Setting up Apache Kibble¶
Understanding the Components¶
Kibble consists of two major components:
- The Kibble Server (kibble)
- This is the main database and UI Server. It serves as the hub for the scanners to connect to, and provides the overall management of sources as well as the visualizations and API end points.
- The Kibble Scanner Applications (kibble-scanners)
- This is a collection of scanning applications each designed to work with a specific type of resource (a git repo, a mailing list, a JIRA instance etc) and push copmpiled data objects to the Kibble Server. Some resources only have one scanner plugin, while others may have multiple plugins capable of dealing with specific aspects of a resource.
The following diagram shows Kibble architecture:
As said, the main Kibble Server is a hub for scanners, and as such, is only ever needed on one machine. It is recommended that, for large instances of kibble, you place the application on a machine or VM with sufficient resources to handle the database load and memory requirements.
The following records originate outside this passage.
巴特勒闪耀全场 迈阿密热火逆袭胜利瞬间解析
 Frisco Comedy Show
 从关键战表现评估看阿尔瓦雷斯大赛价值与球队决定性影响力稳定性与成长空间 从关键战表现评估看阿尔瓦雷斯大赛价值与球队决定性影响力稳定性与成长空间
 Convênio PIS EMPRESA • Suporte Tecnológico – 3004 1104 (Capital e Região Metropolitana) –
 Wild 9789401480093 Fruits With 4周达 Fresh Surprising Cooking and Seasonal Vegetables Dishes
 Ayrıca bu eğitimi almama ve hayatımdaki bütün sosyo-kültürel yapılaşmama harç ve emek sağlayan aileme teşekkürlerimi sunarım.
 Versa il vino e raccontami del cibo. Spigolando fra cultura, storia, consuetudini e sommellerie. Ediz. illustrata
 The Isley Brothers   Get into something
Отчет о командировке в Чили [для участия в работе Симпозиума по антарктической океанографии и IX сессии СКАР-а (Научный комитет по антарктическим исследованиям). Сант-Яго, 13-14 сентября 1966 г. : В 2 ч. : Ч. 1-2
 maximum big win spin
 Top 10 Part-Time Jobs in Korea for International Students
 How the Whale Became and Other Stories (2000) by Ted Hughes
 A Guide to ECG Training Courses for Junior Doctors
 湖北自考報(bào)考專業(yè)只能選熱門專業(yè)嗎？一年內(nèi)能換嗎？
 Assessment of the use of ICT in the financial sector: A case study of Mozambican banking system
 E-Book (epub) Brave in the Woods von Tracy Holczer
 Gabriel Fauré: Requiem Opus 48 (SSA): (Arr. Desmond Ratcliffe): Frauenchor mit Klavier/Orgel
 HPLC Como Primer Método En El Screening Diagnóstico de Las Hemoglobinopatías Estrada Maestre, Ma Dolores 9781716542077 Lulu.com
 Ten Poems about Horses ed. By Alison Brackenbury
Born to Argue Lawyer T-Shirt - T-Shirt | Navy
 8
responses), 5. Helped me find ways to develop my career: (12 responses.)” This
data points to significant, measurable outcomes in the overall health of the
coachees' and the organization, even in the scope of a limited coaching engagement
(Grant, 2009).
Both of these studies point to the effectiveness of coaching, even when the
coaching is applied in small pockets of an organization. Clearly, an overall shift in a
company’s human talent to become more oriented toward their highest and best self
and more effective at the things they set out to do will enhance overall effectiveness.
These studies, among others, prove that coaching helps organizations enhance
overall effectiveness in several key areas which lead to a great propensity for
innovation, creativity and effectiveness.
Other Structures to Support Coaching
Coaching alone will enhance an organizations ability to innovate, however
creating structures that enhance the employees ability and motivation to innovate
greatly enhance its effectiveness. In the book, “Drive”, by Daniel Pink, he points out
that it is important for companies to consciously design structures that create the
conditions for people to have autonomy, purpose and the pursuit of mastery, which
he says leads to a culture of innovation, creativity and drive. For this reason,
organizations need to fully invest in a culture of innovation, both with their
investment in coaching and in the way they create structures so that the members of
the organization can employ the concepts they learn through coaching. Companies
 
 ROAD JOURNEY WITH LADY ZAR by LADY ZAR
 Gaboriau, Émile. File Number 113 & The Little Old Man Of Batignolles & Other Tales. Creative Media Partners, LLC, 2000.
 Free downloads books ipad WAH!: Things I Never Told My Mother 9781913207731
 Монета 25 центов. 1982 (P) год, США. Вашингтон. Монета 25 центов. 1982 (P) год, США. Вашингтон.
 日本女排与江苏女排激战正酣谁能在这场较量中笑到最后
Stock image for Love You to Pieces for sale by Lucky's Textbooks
As a rule of thumb, the Server does not require a lot of disk space (enough to hold the compiled database), but it does require CPU and RAM. The scanners require more disk space, but can operate with limited CPU and RAM.
As an example, let us examine the Apache Kibble demo instance:
- 100 sources (git repos, mailing lists, bug trackers and so on)
- 3,5 million source objects currently (commits, emails, tickets etc)
- 10 concurrent users (actual people uing the web UI)
The recommended minimal specs for the Server component on an instance of this size would be approximately 4-8GB RAM, 4 cores and at least 10GB disk space. As this is a centralized component, you will want to spec this to be able to efficiently deal with the entire database in memory for best performance.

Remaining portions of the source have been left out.